There is also one thing: the downloaded counter. After going through all the URLs, the loop exits and the runtime ends. Usually this causes several of last resources not to be downloaded. To avoid that, there is a second block, which will wait until all the resources will be downloaded.

Finally, the function that will actually run the download:

func DownloadFile(filepath string, url string) error {
	resp, err := http.Get(url)
	if err != nil {
		return err
	}
	defer resp.Body.Close()

	// Create the file
	out, err := os.Create(filepath)
	if err != nil {
		return err
	}
	defer out.Close()

	// Write the body to file
	_, err = io.Copy(out, resp.Body)
	return err
}

If it would be used in a main file, this is how the test code would look like:

	jsonFile, err := os.Open("urls.json")
	if err != nil {
		fmt.Println(err)
	}
	defer jsonFile.Close()

	byteValue, _ := ioutil.ReadAll(jsonFile)
	var urls []string

	json.Unmarshal(byteValue, &urls)

	videoDownloader := NewHttpDownloader()
	videoDownloader.SetBufferSize(3).SetUrls(urls).SetFilesFormat("mp4").Download()

As you can see here, this program is used to download a list of videos, exposed on the web via HTTP.

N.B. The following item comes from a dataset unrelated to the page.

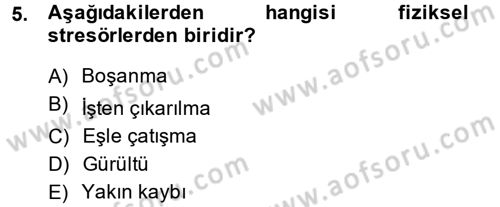 Çatışma ve Stres Yönetimi 2 Dersi 2014 - 2015 Yılı (Vize) Ara Sınav Soruları 5. Soru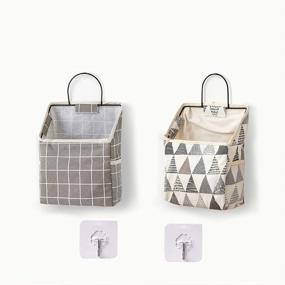 img 4 attached to 🗄️ Versatile 2 Pack Wall Hanging Storage Bag: Closet & Dormitory Organizer for Pocket Storage, Linen Cotton Containers for Bathroom & Bedroom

The result of this would be the following:

Adding to queue # 0
Adding to queue # 1
Adding to queue # 2
Downloaded 1.mp4
Adding to queue # 3
Downloaded 2.mp4
Adding to queue # 4
Downloaded 3.mp4
Adding to queue # 5
Downloaded 5.mp4
Adding to queue # 6
Downloaded 0.mp4
Adding to queue # 7
Downloaded 6.mp4
Adding to queue # 8
Downloaded 4.mp4
Adding to queue # 9
Downloaded 8.mp4
Adding to queue # 10
Downloaded 7.mp4
Adding to queue # 11
Downloaded 11.mp4
Adding to queue # 12
Downloaded 10.mp4
Adding to queue # 13
Downloaded 9.mp4
Adding to queue # 14
Downloaded 12.mp4
Adding to queue # 15
Downloaded 13.mp4
Adding to queue # 16
Downloaded 16.mp4
Downloaded 15.mp4
Downloaded 14.mp4

This way, the videos were downloaded concurrently. Once a video was finished to be downloaded, the process started to download the next one.

Even though that it is working, I think that it is still very raw, and I would highly appreciate any ideas and criticism in the comments.